--- DATA LISTING Enclosed Below ---
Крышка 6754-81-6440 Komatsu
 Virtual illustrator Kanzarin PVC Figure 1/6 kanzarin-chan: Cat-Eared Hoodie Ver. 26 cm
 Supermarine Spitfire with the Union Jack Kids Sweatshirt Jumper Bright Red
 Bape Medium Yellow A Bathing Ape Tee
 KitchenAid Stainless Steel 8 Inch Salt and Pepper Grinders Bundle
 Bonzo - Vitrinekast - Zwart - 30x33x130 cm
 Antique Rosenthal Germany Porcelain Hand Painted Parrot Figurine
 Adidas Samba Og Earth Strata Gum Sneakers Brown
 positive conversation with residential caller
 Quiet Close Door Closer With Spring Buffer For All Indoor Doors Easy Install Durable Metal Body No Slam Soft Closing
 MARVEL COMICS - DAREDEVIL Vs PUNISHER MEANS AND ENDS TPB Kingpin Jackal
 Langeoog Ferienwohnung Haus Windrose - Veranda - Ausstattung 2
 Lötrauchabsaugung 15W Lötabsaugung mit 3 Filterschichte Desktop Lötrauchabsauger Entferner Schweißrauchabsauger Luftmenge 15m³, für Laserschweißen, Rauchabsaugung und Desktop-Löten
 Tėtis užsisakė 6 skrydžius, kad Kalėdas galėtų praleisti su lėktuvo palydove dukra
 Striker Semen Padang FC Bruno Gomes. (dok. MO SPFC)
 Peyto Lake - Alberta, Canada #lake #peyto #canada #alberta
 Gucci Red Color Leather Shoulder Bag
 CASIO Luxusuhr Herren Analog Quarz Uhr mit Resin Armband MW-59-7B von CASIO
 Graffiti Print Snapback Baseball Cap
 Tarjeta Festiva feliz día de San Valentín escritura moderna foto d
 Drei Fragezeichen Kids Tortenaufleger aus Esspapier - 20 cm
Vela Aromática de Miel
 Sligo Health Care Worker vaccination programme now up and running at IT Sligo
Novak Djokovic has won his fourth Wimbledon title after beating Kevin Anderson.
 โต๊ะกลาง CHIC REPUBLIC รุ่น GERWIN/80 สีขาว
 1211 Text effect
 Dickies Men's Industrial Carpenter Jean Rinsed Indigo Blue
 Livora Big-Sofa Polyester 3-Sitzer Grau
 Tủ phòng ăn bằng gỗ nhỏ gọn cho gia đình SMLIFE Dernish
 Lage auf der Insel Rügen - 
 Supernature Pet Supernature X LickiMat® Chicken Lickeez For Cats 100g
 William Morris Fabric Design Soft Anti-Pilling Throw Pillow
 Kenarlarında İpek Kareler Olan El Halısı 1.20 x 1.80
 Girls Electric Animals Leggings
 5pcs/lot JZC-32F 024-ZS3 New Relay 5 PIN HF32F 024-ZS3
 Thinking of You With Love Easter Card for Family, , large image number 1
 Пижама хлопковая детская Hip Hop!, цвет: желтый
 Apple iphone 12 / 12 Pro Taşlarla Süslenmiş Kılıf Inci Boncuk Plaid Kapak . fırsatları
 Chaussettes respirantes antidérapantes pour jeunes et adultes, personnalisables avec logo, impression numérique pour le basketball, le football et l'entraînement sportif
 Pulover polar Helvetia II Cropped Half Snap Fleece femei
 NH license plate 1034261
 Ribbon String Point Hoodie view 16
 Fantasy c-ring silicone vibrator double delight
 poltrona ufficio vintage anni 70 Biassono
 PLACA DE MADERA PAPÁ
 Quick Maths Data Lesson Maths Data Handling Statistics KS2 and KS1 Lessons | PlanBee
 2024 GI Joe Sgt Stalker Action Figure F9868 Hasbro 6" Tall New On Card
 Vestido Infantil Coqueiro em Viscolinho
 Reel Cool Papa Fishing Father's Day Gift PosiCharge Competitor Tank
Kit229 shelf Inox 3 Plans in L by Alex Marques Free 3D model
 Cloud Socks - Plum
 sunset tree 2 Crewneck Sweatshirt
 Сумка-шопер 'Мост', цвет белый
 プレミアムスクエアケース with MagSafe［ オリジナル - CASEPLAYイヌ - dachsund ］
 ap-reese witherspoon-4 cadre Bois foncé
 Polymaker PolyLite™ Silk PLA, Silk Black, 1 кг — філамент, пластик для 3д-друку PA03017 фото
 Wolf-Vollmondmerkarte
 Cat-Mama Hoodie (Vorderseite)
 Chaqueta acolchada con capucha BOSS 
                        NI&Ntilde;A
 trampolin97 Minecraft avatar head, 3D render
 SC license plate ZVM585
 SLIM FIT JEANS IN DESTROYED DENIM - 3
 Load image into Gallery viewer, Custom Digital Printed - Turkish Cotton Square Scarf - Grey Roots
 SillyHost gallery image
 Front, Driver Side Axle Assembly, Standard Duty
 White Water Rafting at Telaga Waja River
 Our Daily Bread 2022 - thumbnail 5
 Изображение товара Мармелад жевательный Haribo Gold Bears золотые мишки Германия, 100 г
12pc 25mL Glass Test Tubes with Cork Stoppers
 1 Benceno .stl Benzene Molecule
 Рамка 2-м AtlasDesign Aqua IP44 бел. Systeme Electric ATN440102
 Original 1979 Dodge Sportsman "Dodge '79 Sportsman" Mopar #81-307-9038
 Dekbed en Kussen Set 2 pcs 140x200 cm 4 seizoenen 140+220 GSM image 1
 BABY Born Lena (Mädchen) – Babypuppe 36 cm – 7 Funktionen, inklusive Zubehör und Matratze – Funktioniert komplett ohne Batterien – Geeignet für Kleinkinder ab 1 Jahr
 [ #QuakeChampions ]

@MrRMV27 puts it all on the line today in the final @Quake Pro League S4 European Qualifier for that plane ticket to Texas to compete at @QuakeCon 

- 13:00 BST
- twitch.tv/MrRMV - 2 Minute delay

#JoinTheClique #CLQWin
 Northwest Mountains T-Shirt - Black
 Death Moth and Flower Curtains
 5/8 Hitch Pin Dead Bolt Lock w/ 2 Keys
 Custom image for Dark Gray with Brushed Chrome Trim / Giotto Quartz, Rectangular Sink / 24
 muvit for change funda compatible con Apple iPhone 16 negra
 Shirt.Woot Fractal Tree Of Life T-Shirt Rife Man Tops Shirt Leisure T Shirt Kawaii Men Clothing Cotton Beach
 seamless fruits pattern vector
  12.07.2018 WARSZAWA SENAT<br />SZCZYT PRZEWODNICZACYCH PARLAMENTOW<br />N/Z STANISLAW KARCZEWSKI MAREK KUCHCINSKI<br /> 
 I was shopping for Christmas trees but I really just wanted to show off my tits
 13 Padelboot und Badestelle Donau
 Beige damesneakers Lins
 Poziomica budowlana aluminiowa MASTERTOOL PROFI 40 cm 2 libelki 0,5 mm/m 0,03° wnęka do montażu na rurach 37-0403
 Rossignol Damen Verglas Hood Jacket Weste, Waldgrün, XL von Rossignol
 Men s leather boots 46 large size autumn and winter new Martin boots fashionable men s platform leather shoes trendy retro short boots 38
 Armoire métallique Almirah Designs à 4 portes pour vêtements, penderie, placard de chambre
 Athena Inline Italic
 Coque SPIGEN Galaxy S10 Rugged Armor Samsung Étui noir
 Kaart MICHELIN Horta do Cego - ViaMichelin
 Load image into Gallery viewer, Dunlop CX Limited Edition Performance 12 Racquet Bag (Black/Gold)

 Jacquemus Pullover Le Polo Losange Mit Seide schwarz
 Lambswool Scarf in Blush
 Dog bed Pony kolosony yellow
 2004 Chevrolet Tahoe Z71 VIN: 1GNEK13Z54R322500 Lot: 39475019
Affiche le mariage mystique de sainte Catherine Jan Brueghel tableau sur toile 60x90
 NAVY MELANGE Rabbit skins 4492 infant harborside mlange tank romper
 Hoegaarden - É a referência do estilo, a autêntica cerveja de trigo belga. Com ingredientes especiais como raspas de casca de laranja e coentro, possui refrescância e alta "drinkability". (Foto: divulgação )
--- End of Enclosed DATA LISTING ---
→ **WORK REQUEST**:
Each line above with the word "viewer" needs to be copied.

→ **EXERCISE RESPONSE**:
 Load image into Gallery viewer, Custom Digital Printed - Turkish Cotton Square Scarf - Grey Roots
 Load image into Gallery viewer, Dunlop CX Limited Edition Performance 12 Racquet Bag (Black/Gold)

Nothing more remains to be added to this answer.